Ce bref historique a montré le lien des concours avec la fête et la religion : lien de confusion dans l’antiquité, de rejet explicite pendant la chrétienté, et enfin de succession depuis la Révolution. L’analyse des motivations des acteurs et l’observation des comportements lors de la cérémonie de remise des prix en font saisir les fondements anthropologiques. Ces résultats concordent avec l’oeuvre, aujourd’hui célèbre, de René Girard, qui justement réunit l’anthropologie, la religion et la compétition (plus exactement la rivalité). Cette oeuvre s’est attachée à démontrer que les hommes se mettent tout spontanément en rivalité les uns avec les autres pour obtenir le même objet ; qu’il y a un phénomène de contagion par imitation ; que cette tendance à la rivalité » mimétique » met en péril la stabilité de la société ; qu’il faut donc la gérer, et en particulier lui trouver une sortie ; que cette sortie se fait par l’union de tous autour d’un coupable. Si la rivalité mimétique est effectivement aussi fondamentale dans la vie des hommes, notre culture moderne lui a trouvée une solution remarquable qui mérite d’être soulignée.
Égalité, différence et rivalité
Un concours ne fait qu’un seul grand vainqueur. Il y a plus de perdants que de gagnants.

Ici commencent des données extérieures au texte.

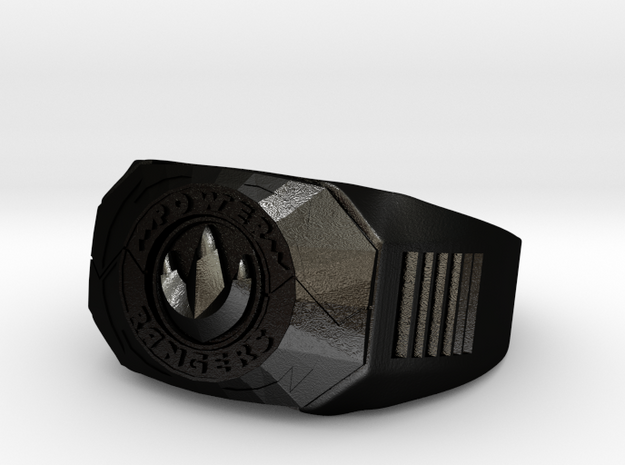 Green Power Ranger Morpher Ring Size 12.5 in Matte Black Steel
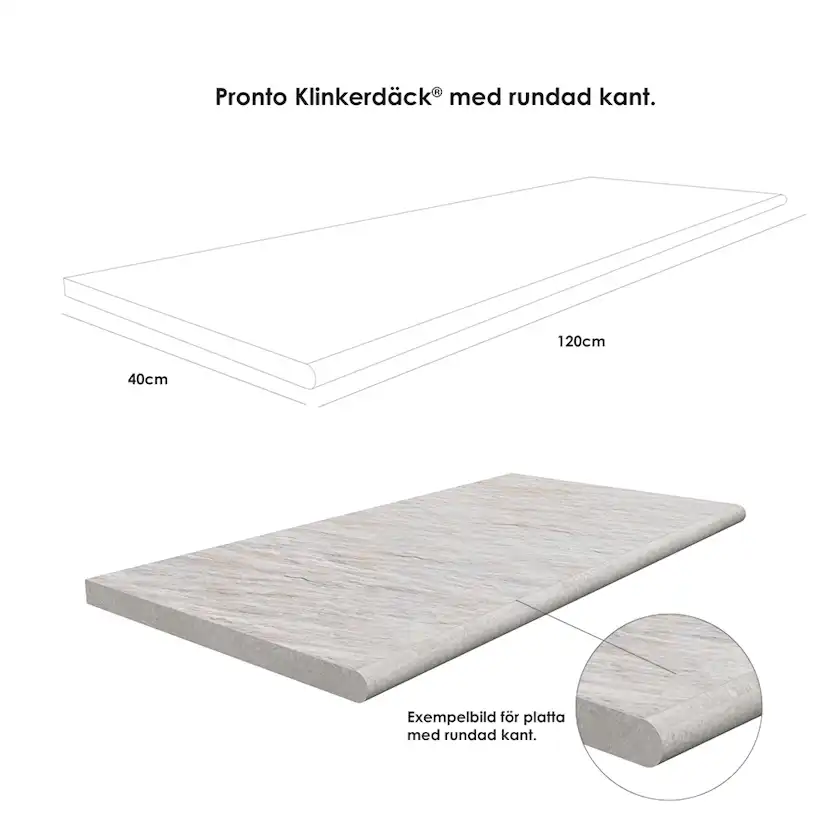 Poolkant/trappsteg Pronto Klinkerdäck Trentino Moro 40x120 cm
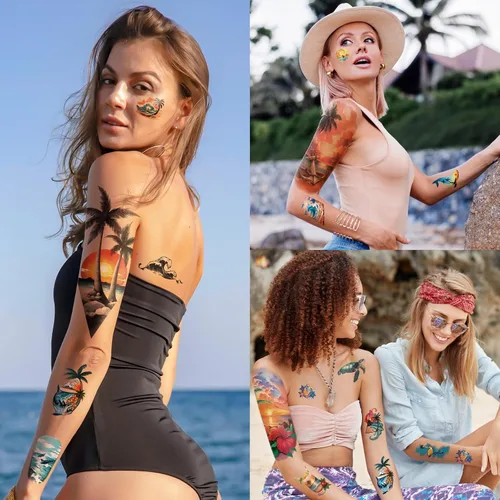 Vista 5 de 77 hojas de tatuajes temporales para mujeres y hombres, 17 hojas de tatuajes falsos de medio brazo de flores de playa, calaveras, atardeceres, 60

Mais d’où vient-elle ? Revenons pour cela à l’époque chrétienne intermédiaire qui s’est dispensée des concours. Elle les rejette car elle les voit comme directement porteurs de l’éthique païenne dont elle veut se dégager. Mais comment fait-elle alors pour résoudre les tensions de rivalité mimétique ? Sa solution est l’établissement d’une multitude d’identités distinctes ; l’exemple le plus connu est la séparation en trois ordres – religieux, nobles, travailleurs -; et la mise en place de nombreux niveaux hiérarchiques. De manière cohérente, la fête chrétienne, centrée autour de la Cène, répond alors au besoin de reconnaître l’égalité fondamentale de tous au-delà des identités sociales particulières. Or, ce rite de communion dans le Christ, peut aussi se lire comme communion dans le meilleur des hommes pour que chacun lui aussi s’améliore. Ce rite, de plus, se veut le remplaçant des sacrifices. Il apparaît donc comme la passerelle entre les modes de conclusion des concours antiques et contemporains. À partir de la Révolution, tous redeviennent des égaux. La rivalité réapparait. Cependant, elle hérite de la période chrétienne une nouvelle modalité de sortie, associée à une éthique de progrès. De fait, dans les jeux d’aujourd’hui, le vainqueur fait souvent monter à côté de lui les vaincus sur la plus haute marche du podium, pour recueillir des applaudissements conjoints. Les rites sacrificiels sont absents.
L’âme d’un peuple
Un dicton veut que les fêtes reflètent l’âme d’un peuple. Notre société abonde en processus rivalitaires : notre système professionnel, qu’il soit celui de l’économie privée ou celui de l’administration, est régi par la compétition, nos élections politiques sont quasiment des concours. Une telle frénésie est, c’est probable, la contrepartie obligatoire au principe fondamental d’égalité des hommes : la compétition répond dans ce contexte au besoin essentiel que chacun d’entre nous a de se situer. De telles rivalités omniprésentes sont perçues par la plupart comme particulièrement lourdes. Les concours festifs illustrent une manière de renverser cet état d’esprit vers un progrès et la joie de tous.